[Items from a data source]
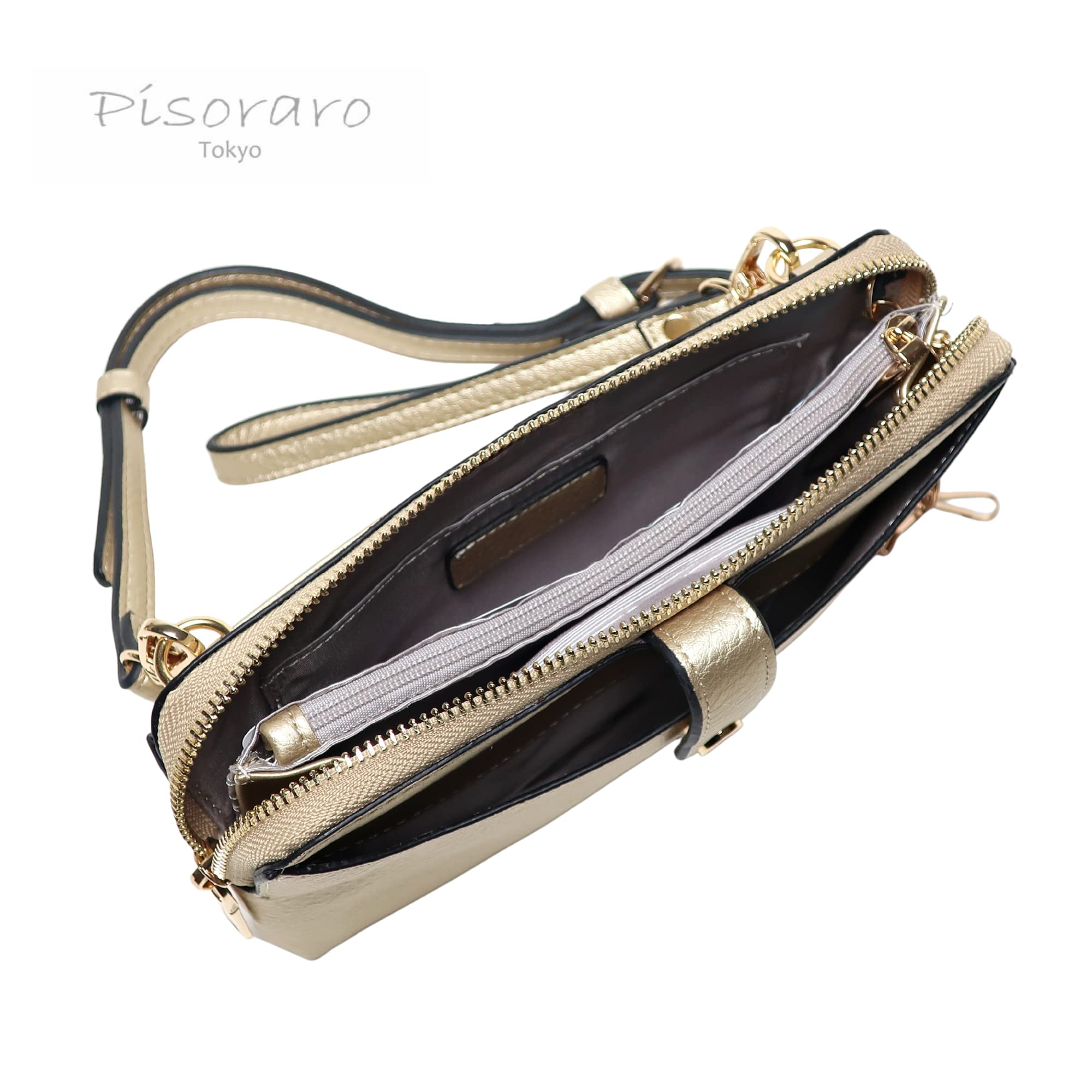 [Pisoraro] ピソラロ ウォレットショルダー スマートフォン収納付き 斜め掛け ゴールド 多機能 PR184 GOLD Amazon.co.jp: [Pisoraro] ピソラロ ウォレットショルダー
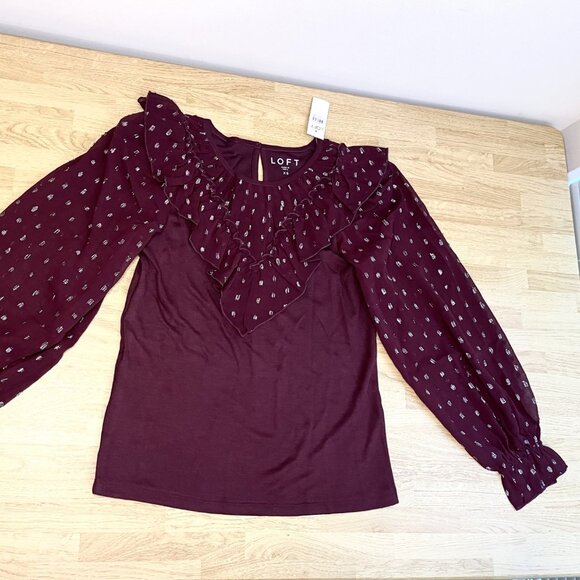 NWT LOFT Shimmer Ruffle Yoke Top Burgundy - Picture 3 of 7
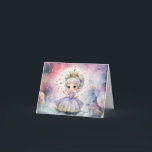 Princess Dreams Birthday Card<br><div class="desc">Celebrate your little princess's special day with our "Princess Dreams Birthday Card"! This enchanting card features an adorable young princess in a beautiful purple dress, complete with a golden crown, surrounded by twinkling stars and colourful confetti. The dreamy and magical background creates a perfect setting for any princess-themed celebration. The...</div>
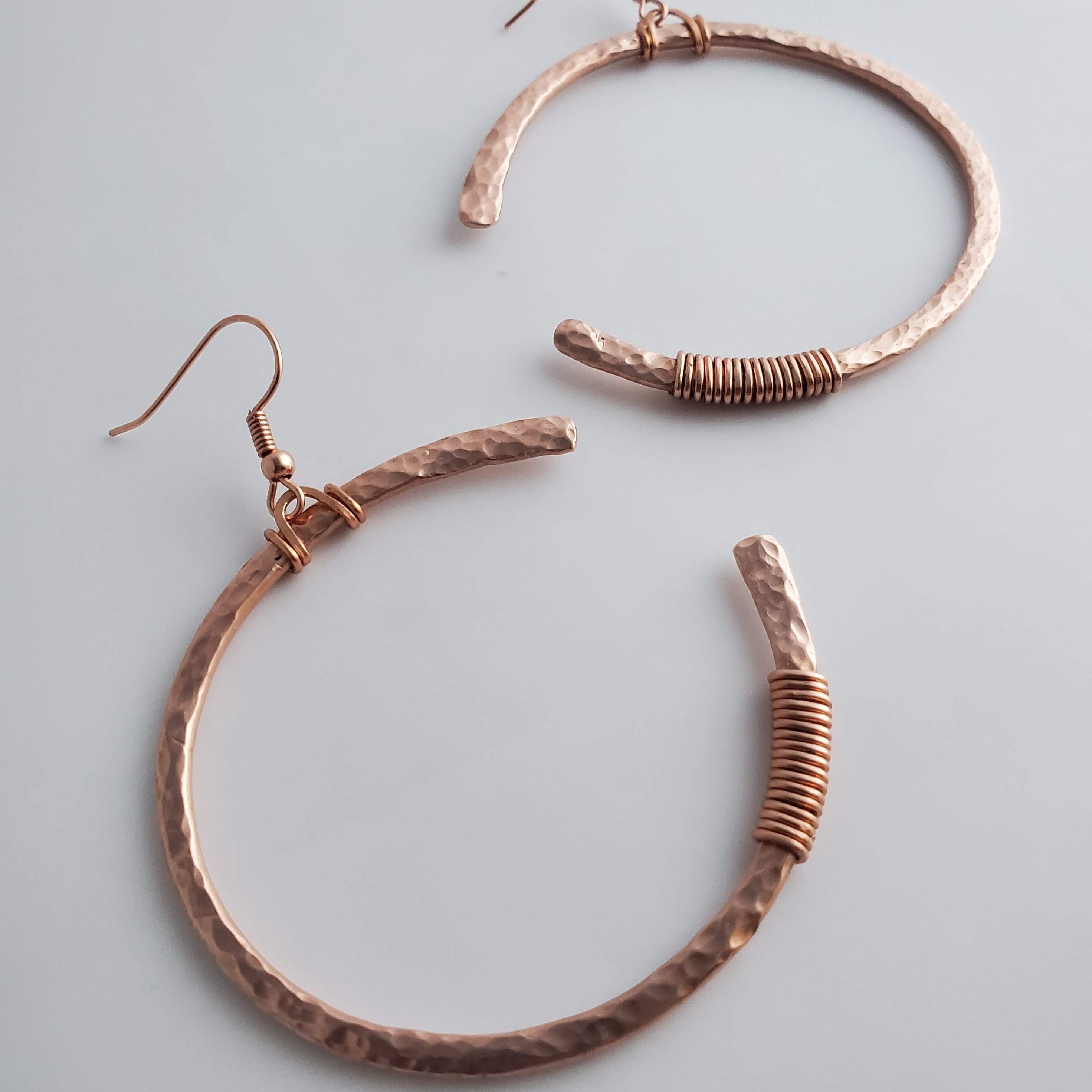 'Habibi' - Hammered Copper Hoop Earrings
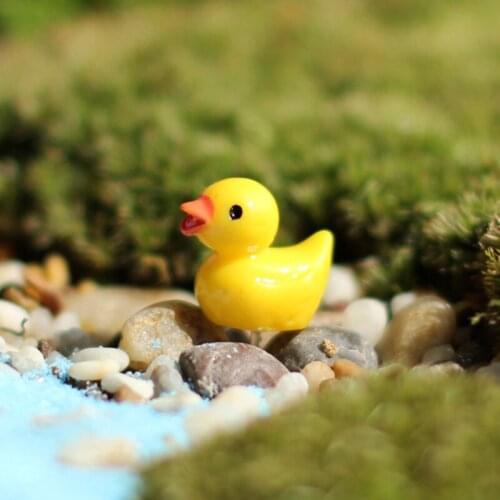 2 Pcs duck animal miniatures cute fairy garden gnome moss terrarium decor crafts bonsai figurine DIY ornament supplies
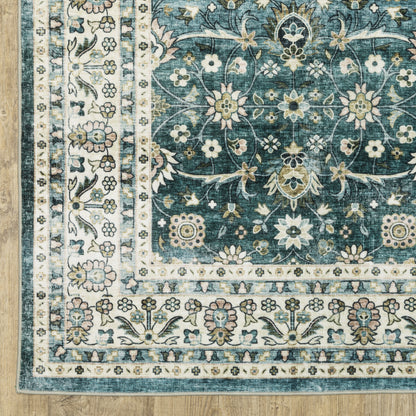 Sumter Distressed Teal/ Ivory Oriental Flat Weave Rug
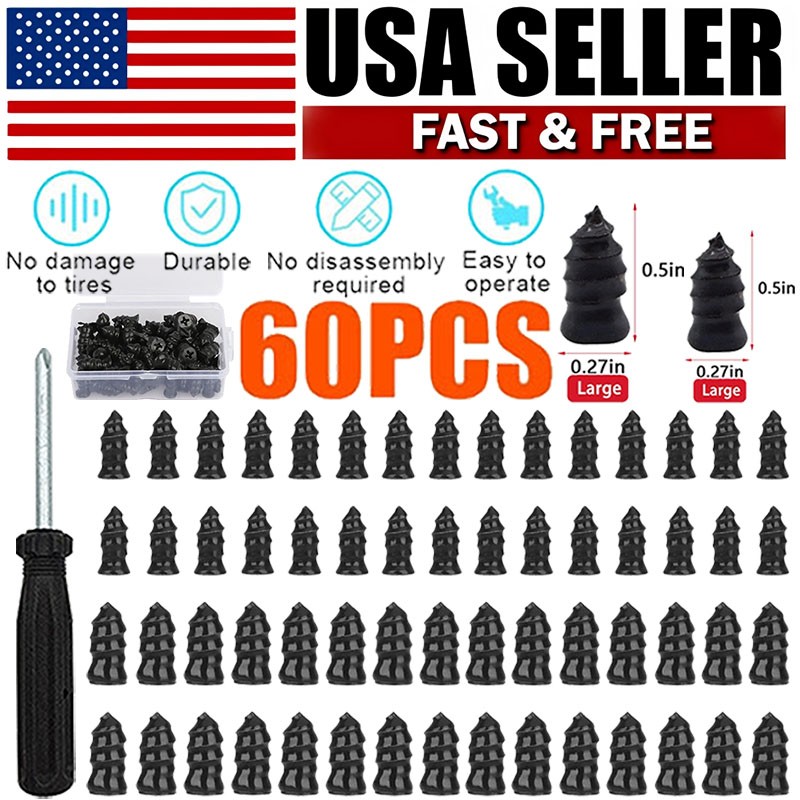 120Pcs Car Vacuum Tire Repair Nail Rubber Screw Nails Screwdriver Tool Set w/Box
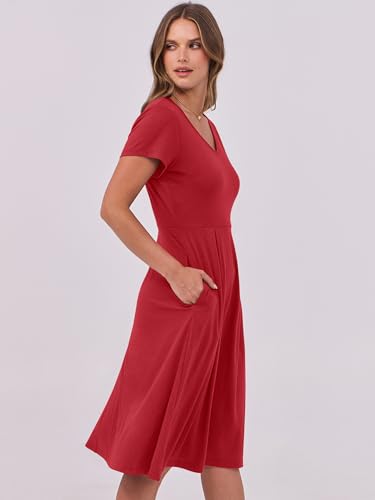 Image of ANRABESS Women Summer Dress Casual Short Sleeve V Neck A-Line Knee Length Pleated Flowy 2026 Fashion Midi Dresses with Pocket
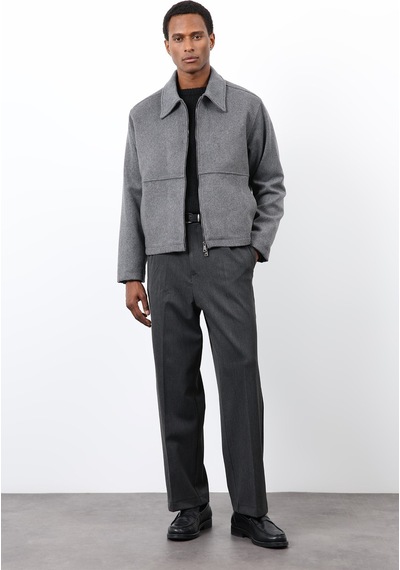 Antioch Regular Fit Dokulu Erkek Mont Antrasit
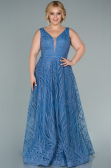 Long Indigo Plus Size Evening Dress ABU2501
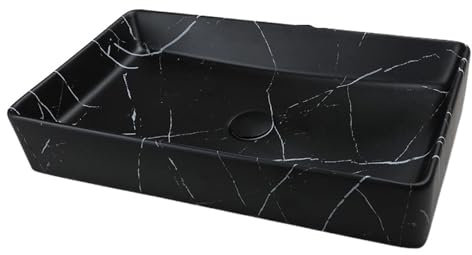 QAUUCP Lavabo da Bagno Rettangolare in Ceramica, lavabo da appoggio, di Grandi Dimensioni, con Rubinetto a Cascata Nero e Set di Scarico Pop-up Lavandino Bagno(Black)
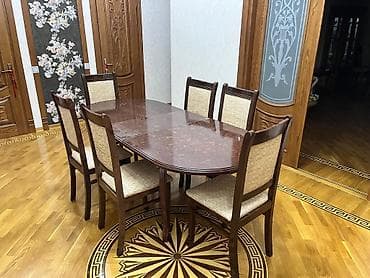 taxta besetkalar: Qonaq otağı üçün, İşlənmiş, Açılan, Oval masa, 6 stul — 2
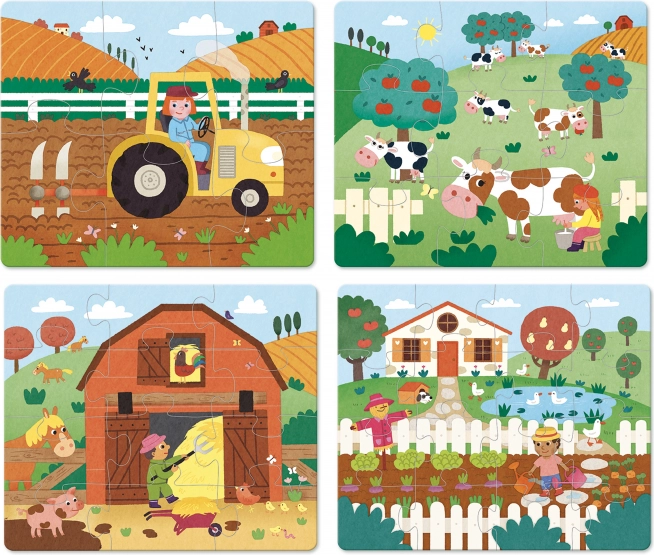 Vilac houten puzzel Boerderij 4 in 1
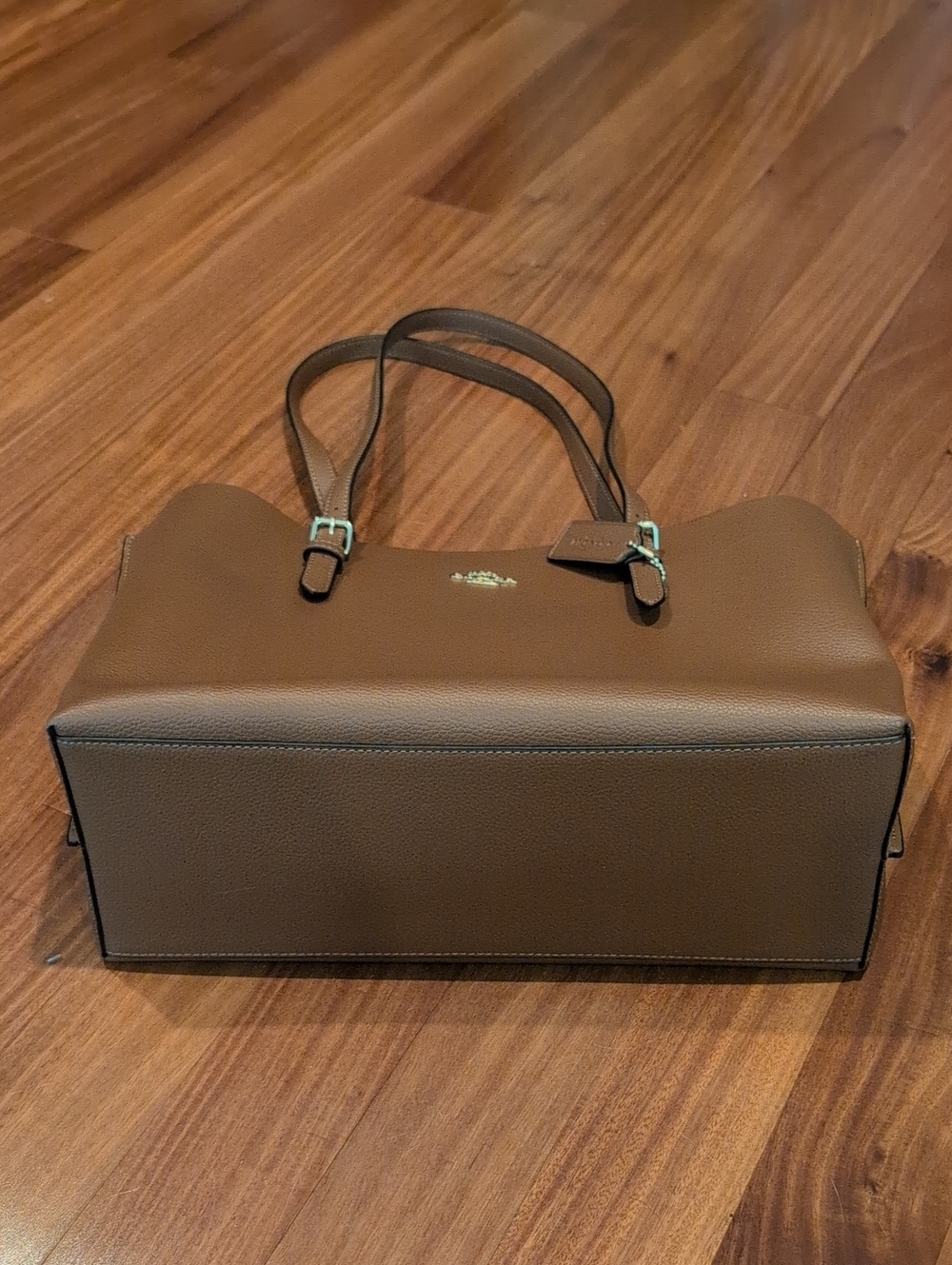 Coach Brown Pebbled Leather Tote with Gold Logo - Picture 4 of 7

* PROBLEM DESCRIPTION
Exact copy, pictures excluded: from the line with "Sumter Distressed Teal/" up to and including the line with "120Pcs Car Vacuum" in the data above.

* ANSWER TO THIS TASK
 Sumter Distressed Teal/ Ivory Oriental Flat Weave Rug
 120Pcs Car Vacuum Tire Repair Nail Rubber Screw Nails Screwdriver Tool Set w/Box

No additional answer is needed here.